You do, however, need to think a bit about where and when to do your shooting. You won't be circle-strafing too often in Uncharted 2; shooting from the hip while running full-pelt is very inaccurate, and movement while holding L1 to sight your gun is extremely slow. This serves to slow the pace and halt the flow a little, at least while you're still unused to the slightly different rhythm of Uncharted 2's deathmatch march. With all the clambering and cover, the controls are on the elaborate side for a multiplayer shooter, with lots of contextual variation; but they're predictable and well-tuned, and the animation is fantastic.
We played rounds of team deathmatch - a self-explanatory race to 25 kills - and Plunder, a capture-the-flag variant in which teams track down treasure artefacts and try to get them back to their respective safe points. The latter encourages closer teamwork, as the heavy statues slow down and disarm their bearers, and force them into the open somewhat. Teams are split into heroes and villains, the former a cast of scruffy, bare-headed adventurers including Drake himself, the latter a shadier bunch of black-clad goons.
The Nepalese village map is a dense tangle of muddy roads and dilapidated buildings, littered with cover opportunities and signs to hang off one-handed. Weapons are honest, sturdy firearms in the AK47 vein, plus grenades, and there's a simplified and weighty melee that offers an instant kill from behind. Initial impressions are very Gears of War, very Metal Gear Online, but that's not exactly fair - conditioned by years of manipulating stolid soldiers, most of us just weren't thinking in terms of Uncharted 2's freedom of movement.
If the competitive multiplayer presents fresh mechanics in a standard setting, Uncharted 2's co-op is a more unusual proposition all-round. Three's a crowd by most standards, and the scenarios on offer sit somewhere between the complete co-op campaign of Resident Evil 5, say, and the map-based challenges of Resistance 2. They are self-contained mini-adventures that rehash parts of the single-player game but have been remixed for co-op play, light on the platforming (sorry, traversal) and heavy on the frenetic combat - at least, in the example we played.
In a gritty, but slightly more urban Nepalese setting once more, Drake, Sully and new girl Chloe fight through tangled streets, cloistered courtyards and ruined launderettes. Enemies pour at them from all directions, encouraging more movement and improvisation, and less rehearsed cover-flank-advance tactics. There's scoring to keep you motivated.
Fallen comrades stay alive for a little while and can be revived on the spot if you get to them in time, otherwise they'll respawn at the last checkpoint.

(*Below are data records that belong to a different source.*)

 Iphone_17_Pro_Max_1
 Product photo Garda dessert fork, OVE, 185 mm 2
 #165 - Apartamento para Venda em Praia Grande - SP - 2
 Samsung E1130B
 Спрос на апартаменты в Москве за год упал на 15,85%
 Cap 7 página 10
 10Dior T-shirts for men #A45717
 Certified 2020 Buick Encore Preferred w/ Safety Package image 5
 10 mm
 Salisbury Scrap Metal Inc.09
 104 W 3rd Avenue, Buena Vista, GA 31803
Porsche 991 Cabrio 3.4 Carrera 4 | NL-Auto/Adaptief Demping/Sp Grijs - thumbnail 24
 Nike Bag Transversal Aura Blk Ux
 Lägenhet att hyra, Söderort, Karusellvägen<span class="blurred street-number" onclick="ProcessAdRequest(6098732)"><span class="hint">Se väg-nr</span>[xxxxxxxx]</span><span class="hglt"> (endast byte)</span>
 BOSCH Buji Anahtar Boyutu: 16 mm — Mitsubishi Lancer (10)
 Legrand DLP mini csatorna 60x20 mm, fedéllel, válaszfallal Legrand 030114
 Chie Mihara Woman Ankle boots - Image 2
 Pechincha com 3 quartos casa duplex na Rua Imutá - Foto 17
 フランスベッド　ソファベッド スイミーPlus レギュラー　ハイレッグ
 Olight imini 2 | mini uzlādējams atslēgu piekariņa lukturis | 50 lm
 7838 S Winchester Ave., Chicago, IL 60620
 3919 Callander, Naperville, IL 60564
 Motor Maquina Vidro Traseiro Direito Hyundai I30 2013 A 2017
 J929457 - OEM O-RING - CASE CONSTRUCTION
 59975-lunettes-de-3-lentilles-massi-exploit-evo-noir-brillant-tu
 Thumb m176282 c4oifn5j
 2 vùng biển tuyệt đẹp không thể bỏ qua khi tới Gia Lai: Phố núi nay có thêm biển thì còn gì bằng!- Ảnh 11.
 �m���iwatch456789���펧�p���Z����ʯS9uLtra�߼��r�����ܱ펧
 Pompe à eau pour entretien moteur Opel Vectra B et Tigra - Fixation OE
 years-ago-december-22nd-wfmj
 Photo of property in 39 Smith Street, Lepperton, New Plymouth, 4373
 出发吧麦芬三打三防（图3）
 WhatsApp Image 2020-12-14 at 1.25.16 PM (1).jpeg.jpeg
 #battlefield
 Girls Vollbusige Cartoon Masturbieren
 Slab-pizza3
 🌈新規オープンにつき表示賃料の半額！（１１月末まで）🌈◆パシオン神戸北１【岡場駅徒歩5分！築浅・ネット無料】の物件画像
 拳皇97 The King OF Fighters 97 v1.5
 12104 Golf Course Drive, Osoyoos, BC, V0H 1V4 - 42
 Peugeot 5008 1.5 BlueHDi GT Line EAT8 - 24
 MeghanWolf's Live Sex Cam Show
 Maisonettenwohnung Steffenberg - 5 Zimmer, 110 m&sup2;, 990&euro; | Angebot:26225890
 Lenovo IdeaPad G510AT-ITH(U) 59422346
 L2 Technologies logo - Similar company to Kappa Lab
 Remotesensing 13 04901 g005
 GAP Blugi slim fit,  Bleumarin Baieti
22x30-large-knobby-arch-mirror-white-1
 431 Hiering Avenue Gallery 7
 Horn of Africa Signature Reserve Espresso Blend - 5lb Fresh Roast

Some of the stealthier enemies creep up behind players and grab them in a chokehold - a team-mate will need a very carefully-aimed headshot or well-timed melee to save them. It's not all cloak-and-dagger by any stretch of the imagination though, as later in the level you're faced with hulking, armour-clad, minigun-touting brutes straight out of Army of Two.
In fact, you could call Uncharted 2's co-op Army of Three, and the comparison is by no means an insult. It's robust, rough-and-tumble, contained and exciting action, with some neat co-op mechanics, marred only by a couple of ugly checkpoints with spawn-camping AI. The moments that require player co-operation to progress - gathering at a set point to give each other boosts over a fence, for example - seem to be rather perfunctory pacing devices at the moment, but we're sure Naughty Dog can come up with some more imaginative uses for them.
Naughty Dog went this route with the co-op because it wasn't prepared to compromise the true single-player adventure that fans of the first Uncharted expect. "The thing is, when we started work on Uncharted 2, we developed the story for the single-player at the start and then we decided to do co-op," says Balestra. "You'll be able to play three big sections of the single-player with different set-ups, so the enemies aren't exactly the same, you might need your friends to progress through the level. We still wanted to not take any shortcuts in the story just to make it work for multiplayer or vice versa - we wanted to make the single-player as good as we can."